Russian soldier Vadim Shishimarin has been sentenced to life in prison for war crimes committed in Ukraine

In the first war crimes trial since the invasion, a Ukrainian court sentenced a Russian tank commander to life in prison for killing a civilian.

Sgt Vadim Shishimarin, a captured soldier, was found guilty of killing Oleksandr Shelipov, 62, in the north-eastern village of Chupakhivka on February 28.

He admitted to shooting Mr Shelipov, but claimed he was operating on orders and begged the widow’s forgiveness.

Ukraine is looking into a slew of other potential war crimes.

And, in a conflict where the purposeful targeting of civilians has become a defining characteristic, Monday’s decision establishes an important legal precedent.

Despite a mountain of evidence to the contrary, Moscow has long denied that its troops have targeted civilians, while Ukraine claims that over 11,000 crimes have been committed.

Judge Serhiy Agafonov imposed the life sentence, saying Shishimarin, 21, had followed out a “criminal order” from a higher-ranking soldier.

“Given that the act committed is a crime against peace, security, humanity, and the international legal order,” he explained, “the court does not see the prospect of imposing a [shorter] sentence of imprisonment.”

Shishimarin sat silently in a reinforced glass box in the courtroom, wearing a blue and grey hooded sweatshirt, and showed no expression as the judgement was read out.

His lawyer stated that he would file an appeal against the verdict.

The Kremlin’s response is already underway, with legislation being developed and tribunals being established in Russia to trial some Ukrainian detainees as war criminals.

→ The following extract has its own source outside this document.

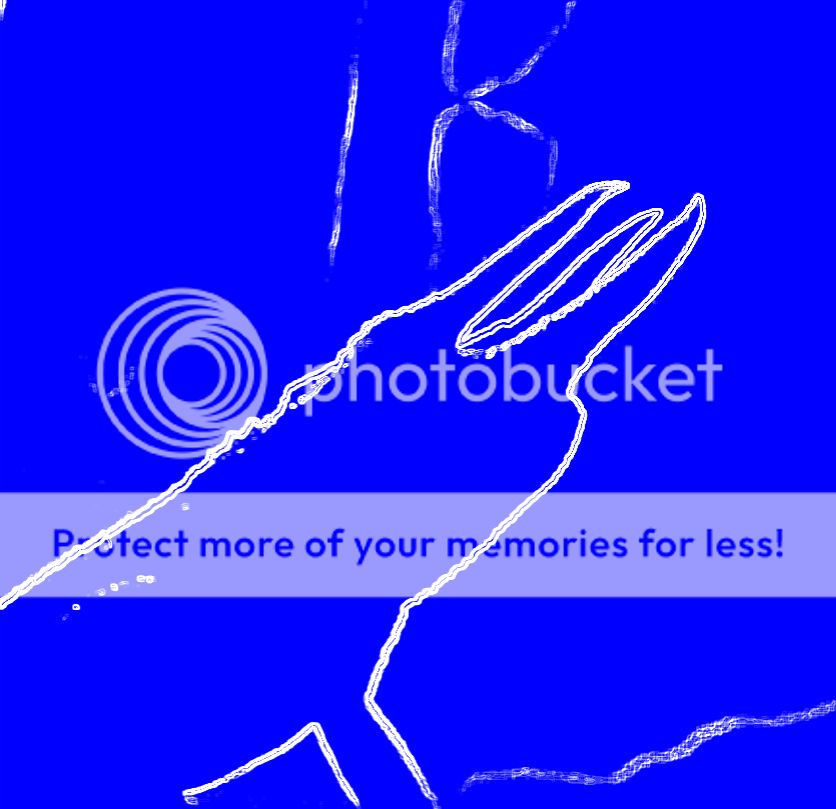 Blueprintsilhouette.jpg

Shishimarin served in Russia’s Kantemirovskaya tank division. At the time of the killing, he and other soldiers were travelling in a car they had seized after their convoy came under attack and they became separated from their unit. He told the court that he was told to shoot Mr Shelipov. His defence lawyer told the court on Friday that the defendant only fired after twice refusing to carry out the order to shoot, and that only one out of three to four rounds had hit Mr Shelipov.